Work item: Please repeat every line below exactly, from the first to the last.

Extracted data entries
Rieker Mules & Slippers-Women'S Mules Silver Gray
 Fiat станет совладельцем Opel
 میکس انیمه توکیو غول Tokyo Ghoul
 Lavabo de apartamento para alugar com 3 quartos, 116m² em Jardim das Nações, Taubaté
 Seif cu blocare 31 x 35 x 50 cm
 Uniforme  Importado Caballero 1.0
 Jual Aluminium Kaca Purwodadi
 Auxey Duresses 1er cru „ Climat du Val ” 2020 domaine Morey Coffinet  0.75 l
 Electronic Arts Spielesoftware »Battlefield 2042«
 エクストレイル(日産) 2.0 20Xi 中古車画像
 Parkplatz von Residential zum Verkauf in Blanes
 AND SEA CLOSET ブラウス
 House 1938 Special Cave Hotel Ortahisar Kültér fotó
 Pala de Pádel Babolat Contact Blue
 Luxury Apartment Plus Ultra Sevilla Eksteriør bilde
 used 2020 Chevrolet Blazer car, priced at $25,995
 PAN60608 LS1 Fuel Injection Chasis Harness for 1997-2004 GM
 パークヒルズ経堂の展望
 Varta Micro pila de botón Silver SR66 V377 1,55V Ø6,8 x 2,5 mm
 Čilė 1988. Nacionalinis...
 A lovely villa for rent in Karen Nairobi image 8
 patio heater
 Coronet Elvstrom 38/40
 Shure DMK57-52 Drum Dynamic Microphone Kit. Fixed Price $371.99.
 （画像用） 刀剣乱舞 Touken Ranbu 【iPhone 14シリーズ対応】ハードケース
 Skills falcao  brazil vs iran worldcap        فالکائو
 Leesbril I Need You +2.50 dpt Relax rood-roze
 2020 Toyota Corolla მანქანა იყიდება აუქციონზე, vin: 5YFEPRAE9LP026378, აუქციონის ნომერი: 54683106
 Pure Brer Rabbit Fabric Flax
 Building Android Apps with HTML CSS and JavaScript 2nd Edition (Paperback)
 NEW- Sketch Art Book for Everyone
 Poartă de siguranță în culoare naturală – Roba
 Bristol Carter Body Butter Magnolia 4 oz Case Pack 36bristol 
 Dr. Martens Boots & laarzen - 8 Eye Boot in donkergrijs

Written solution:
Rieker Mules & Slippers-Women'S Mules Silver Gray
 Fiat станет совладельцем Opel
 میکس انیمه توکیو غول Tokyo Ghoul
 Lavabo de apartamento para alugar com 3 quartos, 116m² em Jardim das Nações, Taubaté
 Seif cu blocare 31 x 35 x 50 cm
 Uniforme  Importado Caballero 1.0
 Jual Aluminium Kaca Purwodadi
 Auxey Duresses 1er cru „ Climat du Val ” 2020 domaine Morey Coffinet  0.75 l
 Electronic Arts Spielesoftware »Battlefield 2042«
 エクストレイル(日産) 2.0 20Xi 中古車画像
 Parkplatz von Residential zum Verkauf in Blanes
 AND SEA CLOSET ブラウス
 House 1938 Special Cave Hotel Ortahisar Kültér fotó
 Pala de Pádel Babolat Contact Blue
 Luxury Apartment Plus Ultra Sevilla Eksteriør bilde
 used 2020 Chevrolet Blazer car, priced at $25,995
 PAN60608 LS1 Fuel Injection Chasis Harness for 1997-2004 GM
 パークヒルズ経堂の展望
 Varta Micro pila de botón Silver SR66 V377 1,55V Ø6,8 x 2,5 mm
 Čilė 1988. Nacionalinis...
 A lovely villa for rent in Karen Nairobi image 8
 patio heater
 Coronet Elvstrom 38/40
 Shure DMK57-52 Drum Dynamic Microphone Kit. Fixed Price $371.99.
 （画像用） 刀剣乱舞 Touken Ranbu 【iPhone 14シリーズ対応】ハードケース
 Skills falcao  brazil vs iran worldcap        فالکائو
 Leesbril I Need You +2.50 dpt Relax rood-roze
 2020 Toyota Corolla მანქანა იყიდება აუქციონზე, vin: 5YFEPRAE9LP026378, აუქციონის ნომერი: 54683106
 Pure Brer Rabbit Fabric Flax
 Building Android Apps with HTML CSS and JavaScript 2nd Edition (Paperback)
 NEW- Sketch Art Book for Everyone
 Poartă de siguranță în culoare naturală – Roba
 Bristol Carter Body Butter Magnolia 4 oz Case Pack 36bristol 
 Dr. Martens Boots & laarzen - 8 Eye Boot in donkergrijs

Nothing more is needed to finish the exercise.